Hotel Pelegrin was once a luxurious hotel on a stunning beach in a small Croatian village. Now, it tells a sad story.
The beautiful 419-bed complex was one of the biggest on the Adriatic coast and lured thousands of international visitors during the 1980s.
According to The Sun, Hotel Pelegrin was initially part of the Kupari holiday resort for the military elite of the Yugoslav National Army (JNA) when it first opened in 1963.
The military spent a huge amount of money on funding the growth of the resort. As a result, it became a top spot for officers as well as their friends and families.
Non-military travellers, too, could stay, but spaces were more readily available if they had connections within the military.
After 17 years in business, the hotel soon started welcoming people from throughout the world.
Looking across the glistening blue waters of the Adriatic Sea, the establishment was once a sight to behold.
Panoramic mountain views could be gazed upon from open balconies, as well as a long line of other boutique hotels.
But tragically, the siege of Dubrovnik in 1991 left the once-glamorous hotel in a state of ruin.
The resort was shelled many times and the damage lingers to this day.
After the destructive attack, the hotel was used as a short-term shelter and base for the Croatian army’s servicemen.
However, once they left in 2000, the hotel was completely abandoned and locals stripped the building of anything useful, such as the tiles on the exterior and the copper piping.
Now, the once-breathtaking hotel is overgrown with a jungle of ivy, and visited only once in a blue moon by the occasional nosy tourist.
Spine-chilling pictures show the resort overwhelmed by the elements. Over the past two decades, weeds and grime have spread across the once-pristine white walls, which are now covered in bullet holes and graffiti. Fallen bricks and rubble make the ground nearly invisible.
With its beautiful seaside view, the resort was once bustling with tourists, as seen in old black-and-white pictures of bikini-clad tourists.
Now, the hotel is just a hollow shell of what it once was.
The exterior of the building shows deep cracks and large patches of rust covering the metal rails within the structure.
The steps leading up to the hotel have been destroyed by heavy artillery and lay smashed into pieces.

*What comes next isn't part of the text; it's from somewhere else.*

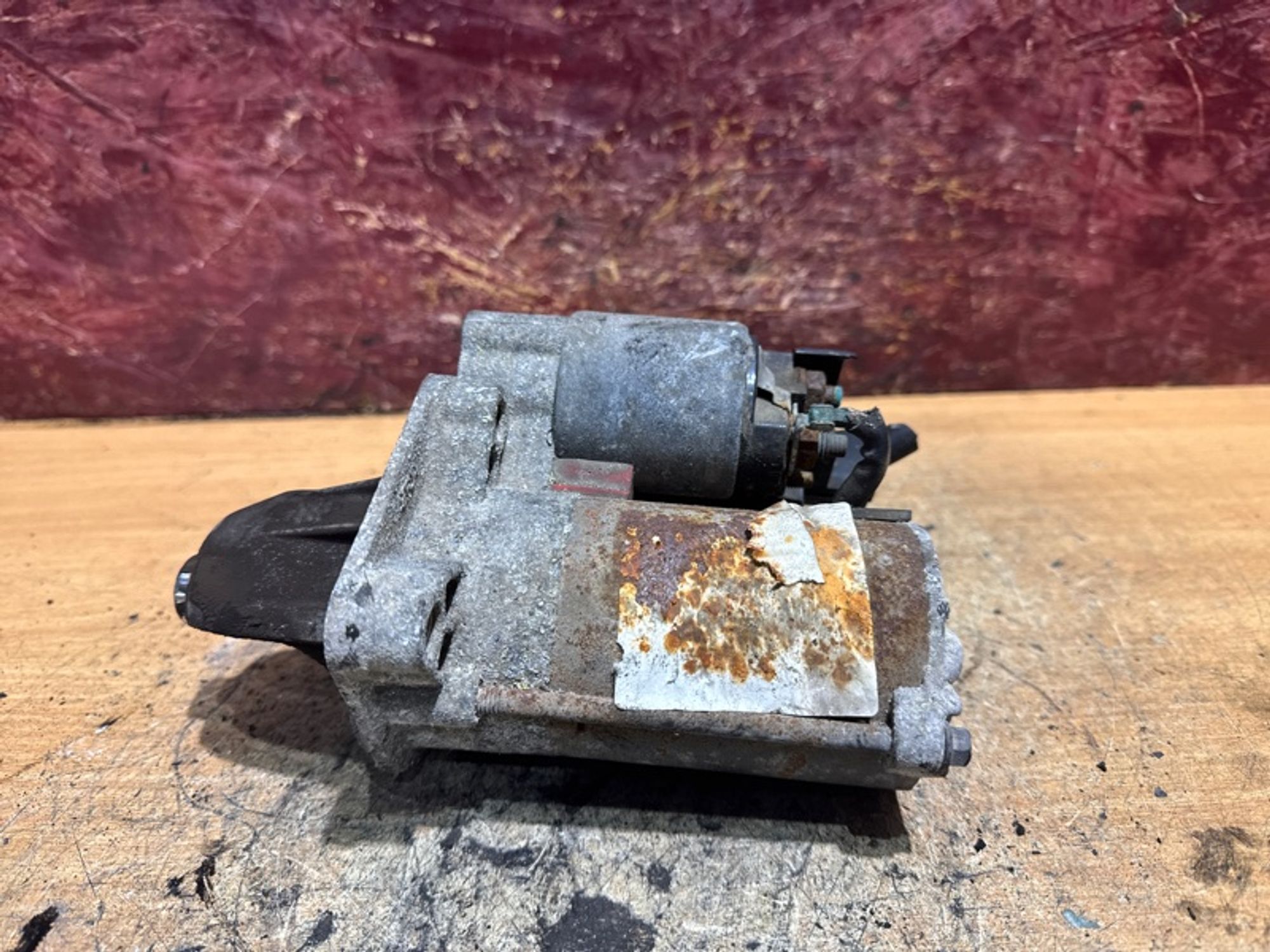 Стартер Ford C-Max PNDA, 2000 рублей, Ростов-на-Дону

Large holes in the ceilings show wooden and metal railings above and expose the interior bones of the huge building structure.
What’s more, the Pelegrin isn’t the only hotel on the bay of Kupari that has been neglected for nearly two decades.

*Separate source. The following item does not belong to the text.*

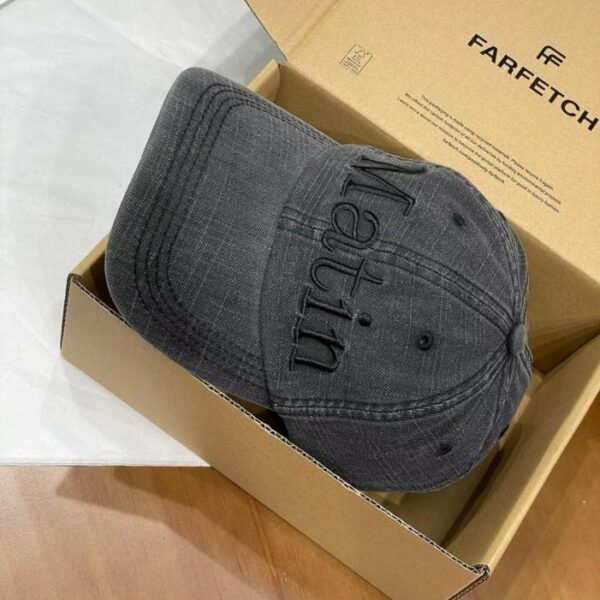 réplica,joyas,joyería,1:1,replica,fake,lujo,barato Gorra de béisbol bordada Matin (I55HK)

Together, there are seven hotels within the resort complex, such as Hotel Grand, Goricina I, Goricina II, Kupari, Pelegrin, Mladost and Galeb — and all of them are now empty shells, rotting with decay and succumbing to the elements.
Back in their heyday, the complex could host 2000 visitors altogether.
It has been reported in recent months that a contract has been signed by Kupari Luxury Hotels to restore the site, now dubbed the “bay of abandoned hotels”.
It is rumoured the Grand Hotel would be kept as the centrepiece, but the other hotels are set to be demolished to make way for new buildings.
Minister of State Property Branko Bacic told Poslovni: “According to the plan of the District of Dubrovnik, a period of 12 months is prescribed during which the investor is obliged to obtain a valid building permit, and within a further period of four years to realise the project.”